Problem requirements:
Could you retype, exactly as written, every line from the top of the records through the line that contains "MERCEDES AMG CLA class"?

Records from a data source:
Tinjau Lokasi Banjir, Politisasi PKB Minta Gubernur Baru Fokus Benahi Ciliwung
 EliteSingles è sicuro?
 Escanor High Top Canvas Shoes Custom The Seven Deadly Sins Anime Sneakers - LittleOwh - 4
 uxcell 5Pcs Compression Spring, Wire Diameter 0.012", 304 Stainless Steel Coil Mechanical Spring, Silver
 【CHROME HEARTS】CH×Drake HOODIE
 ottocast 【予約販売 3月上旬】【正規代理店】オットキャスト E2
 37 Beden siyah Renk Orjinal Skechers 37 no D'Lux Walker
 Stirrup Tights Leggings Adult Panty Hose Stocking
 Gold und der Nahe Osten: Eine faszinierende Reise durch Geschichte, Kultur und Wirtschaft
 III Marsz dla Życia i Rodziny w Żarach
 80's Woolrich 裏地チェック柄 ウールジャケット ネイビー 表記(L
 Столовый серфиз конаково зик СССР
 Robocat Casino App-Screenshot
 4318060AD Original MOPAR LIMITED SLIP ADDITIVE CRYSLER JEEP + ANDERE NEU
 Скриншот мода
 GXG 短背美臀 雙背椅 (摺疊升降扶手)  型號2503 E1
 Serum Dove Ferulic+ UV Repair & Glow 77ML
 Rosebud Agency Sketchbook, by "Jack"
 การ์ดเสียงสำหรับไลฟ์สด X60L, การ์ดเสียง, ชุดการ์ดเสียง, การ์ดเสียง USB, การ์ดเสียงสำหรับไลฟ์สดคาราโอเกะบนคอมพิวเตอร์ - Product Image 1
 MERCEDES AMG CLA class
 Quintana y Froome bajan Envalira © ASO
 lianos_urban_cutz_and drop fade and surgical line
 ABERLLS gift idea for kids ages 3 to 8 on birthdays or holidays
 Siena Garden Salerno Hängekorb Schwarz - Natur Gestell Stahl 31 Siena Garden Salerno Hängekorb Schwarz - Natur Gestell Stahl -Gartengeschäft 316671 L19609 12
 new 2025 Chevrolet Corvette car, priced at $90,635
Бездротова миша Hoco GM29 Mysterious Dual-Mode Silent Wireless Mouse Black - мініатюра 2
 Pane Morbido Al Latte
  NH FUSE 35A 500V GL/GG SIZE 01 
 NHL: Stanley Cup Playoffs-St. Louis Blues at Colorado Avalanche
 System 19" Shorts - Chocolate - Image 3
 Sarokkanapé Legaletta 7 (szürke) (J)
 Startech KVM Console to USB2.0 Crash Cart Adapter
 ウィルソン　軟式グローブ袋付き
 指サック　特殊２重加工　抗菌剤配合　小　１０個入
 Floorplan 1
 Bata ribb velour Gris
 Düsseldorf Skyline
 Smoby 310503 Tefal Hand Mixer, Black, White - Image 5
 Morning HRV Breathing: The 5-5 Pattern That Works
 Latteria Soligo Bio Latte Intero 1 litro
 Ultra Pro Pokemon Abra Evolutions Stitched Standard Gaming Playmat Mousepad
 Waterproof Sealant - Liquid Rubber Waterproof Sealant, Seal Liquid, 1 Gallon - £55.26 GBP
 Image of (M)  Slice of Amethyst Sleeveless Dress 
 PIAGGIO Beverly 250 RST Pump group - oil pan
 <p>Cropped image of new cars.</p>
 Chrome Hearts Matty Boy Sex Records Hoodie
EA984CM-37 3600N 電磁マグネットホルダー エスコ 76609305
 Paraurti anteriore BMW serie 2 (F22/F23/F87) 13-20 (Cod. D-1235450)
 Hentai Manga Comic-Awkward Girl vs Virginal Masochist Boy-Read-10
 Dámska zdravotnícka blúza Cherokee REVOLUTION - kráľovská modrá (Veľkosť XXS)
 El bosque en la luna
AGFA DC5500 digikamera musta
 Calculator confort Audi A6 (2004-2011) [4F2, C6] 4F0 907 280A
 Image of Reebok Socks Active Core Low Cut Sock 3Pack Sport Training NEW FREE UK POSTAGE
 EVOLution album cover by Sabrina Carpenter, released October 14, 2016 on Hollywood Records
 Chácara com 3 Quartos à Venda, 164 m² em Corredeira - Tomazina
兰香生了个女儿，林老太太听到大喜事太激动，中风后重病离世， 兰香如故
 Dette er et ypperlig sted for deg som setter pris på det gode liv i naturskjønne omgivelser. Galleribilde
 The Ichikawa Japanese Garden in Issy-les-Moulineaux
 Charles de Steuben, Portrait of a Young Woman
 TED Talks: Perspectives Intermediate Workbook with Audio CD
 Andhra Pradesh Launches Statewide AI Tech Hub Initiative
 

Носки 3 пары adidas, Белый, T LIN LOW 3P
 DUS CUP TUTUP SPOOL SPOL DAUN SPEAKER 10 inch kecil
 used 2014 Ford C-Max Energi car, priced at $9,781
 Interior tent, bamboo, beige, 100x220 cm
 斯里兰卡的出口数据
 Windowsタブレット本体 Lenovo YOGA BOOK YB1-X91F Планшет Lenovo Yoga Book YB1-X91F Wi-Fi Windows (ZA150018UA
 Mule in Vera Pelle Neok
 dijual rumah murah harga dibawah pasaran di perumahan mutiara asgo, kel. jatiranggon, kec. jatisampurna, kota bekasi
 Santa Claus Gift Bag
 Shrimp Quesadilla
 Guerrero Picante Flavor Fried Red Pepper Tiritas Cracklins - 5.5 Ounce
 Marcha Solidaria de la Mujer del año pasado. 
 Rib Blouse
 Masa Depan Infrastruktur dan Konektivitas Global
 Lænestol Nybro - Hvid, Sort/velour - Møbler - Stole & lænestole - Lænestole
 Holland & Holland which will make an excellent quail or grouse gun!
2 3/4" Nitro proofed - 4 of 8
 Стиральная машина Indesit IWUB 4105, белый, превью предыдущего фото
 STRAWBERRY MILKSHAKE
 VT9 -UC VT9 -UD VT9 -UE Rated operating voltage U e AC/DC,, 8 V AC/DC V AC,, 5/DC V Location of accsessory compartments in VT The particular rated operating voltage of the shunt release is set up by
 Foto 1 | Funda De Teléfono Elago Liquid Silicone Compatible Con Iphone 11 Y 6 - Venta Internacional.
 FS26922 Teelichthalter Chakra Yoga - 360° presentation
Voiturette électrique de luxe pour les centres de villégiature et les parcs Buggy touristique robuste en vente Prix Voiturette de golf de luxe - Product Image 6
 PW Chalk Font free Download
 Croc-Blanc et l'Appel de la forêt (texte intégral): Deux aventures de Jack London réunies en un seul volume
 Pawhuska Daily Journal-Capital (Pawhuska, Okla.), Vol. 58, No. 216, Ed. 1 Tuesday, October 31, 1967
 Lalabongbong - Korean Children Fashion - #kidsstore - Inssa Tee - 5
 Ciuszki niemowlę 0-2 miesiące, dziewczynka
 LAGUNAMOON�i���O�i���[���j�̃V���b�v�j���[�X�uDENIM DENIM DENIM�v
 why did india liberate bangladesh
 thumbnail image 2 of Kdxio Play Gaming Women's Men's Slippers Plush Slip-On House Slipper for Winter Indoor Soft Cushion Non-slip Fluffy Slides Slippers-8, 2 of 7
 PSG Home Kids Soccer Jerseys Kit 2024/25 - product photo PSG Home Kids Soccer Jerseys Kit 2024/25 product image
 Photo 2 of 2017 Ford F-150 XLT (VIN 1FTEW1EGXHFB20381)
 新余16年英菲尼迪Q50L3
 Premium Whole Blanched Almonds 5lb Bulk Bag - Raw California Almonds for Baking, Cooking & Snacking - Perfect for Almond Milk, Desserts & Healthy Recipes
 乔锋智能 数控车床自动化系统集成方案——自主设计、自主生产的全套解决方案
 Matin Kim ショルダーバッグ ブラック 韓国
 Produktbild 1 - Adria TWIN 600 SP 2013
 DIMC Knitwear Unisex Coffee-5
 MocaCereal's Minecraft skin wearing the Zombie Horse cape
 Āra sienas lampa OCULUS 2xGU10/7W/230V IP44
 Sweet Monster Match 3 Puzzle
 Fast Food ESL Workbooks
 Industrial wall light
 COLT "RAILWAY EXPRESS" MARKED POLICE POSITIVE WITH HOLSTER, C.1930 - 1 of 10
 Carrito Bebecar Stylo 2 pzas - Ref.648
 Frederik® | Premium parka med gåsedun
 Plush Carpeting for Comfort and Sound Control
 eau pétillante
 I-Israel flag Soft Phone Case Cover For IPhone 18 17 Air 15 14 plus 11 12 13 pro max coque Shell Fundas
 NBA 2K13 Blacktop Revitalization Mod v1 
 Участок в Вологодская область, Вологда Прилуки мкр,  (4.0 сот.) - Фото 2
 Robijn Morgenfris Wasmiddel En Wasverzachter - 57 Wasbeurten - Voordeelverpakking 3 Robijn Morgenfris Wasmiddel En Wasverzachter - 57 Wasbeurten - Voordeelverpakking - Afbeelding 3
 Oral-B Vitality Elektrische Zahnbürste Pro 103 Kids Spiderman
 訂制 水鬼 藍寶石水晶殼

Reply to the exercise:
Tinjau Lokasi Banjir, Politisasi PKB Minta Gubernur Baru Fokus Benahi Ciliwung
 EliteSingles è sicuro?
 Escanor High Top Canvas Shoes Custom The Seven Deadly Sins Anime Sneakers - LittleOwh - 4
 uxcell 5Pcs Compression Spring, Wire Diameter 0.012", 304 Stainless Steel Coil Mechanical Spring, Silver
 【CHROME HEARTS】CH×Drake HOODIE
 ottocast 【予約販売 3月上旬】【正規代理店】オットキャスト E2
 37 Beden siyah Renk Orjinal Skechers 37 no D'Lux Walker
 Stirrup Tights Leggings Adult Panty Hose Stocking
 Gold und der Nahe Osten: Eine faszinierende Reise durch Geschichte, Kultur und Wirtschaft
 III Marsz dla Życia i Rodziny w Żarach
 80's Woolrich 裏地チェック柄 ウールジャケット ネイビー 表記(L
 Столовый серфиз конаково зик СССР
 Robocat Casino App-Screenshot
 4318060AD Original MOPAR LIMITED SLIP ADDITIVE CRYSLER JEEP + ANDERE NEU
 Скриншот мода
 GXG 短背美臀 雙背椅 (摺疊升降扶手)  型號2503 E1
 Serum Dove Ferulic+ UV Repair & Glow 77ML
 Rosebud Agency Sketchbook, by "Jack"
 การ์ดเสียงสำหรับไลฟ์สด X60L, การ์ดเสียง, ชุดการ์ดเสียง, การ์ดเสียง USB, การ์ดเสียงสำหรับไลฟ์สดคาราโอเกะบนคอมพิวเตอร์ - Product Image 1
 MERCEDES AMG CLA class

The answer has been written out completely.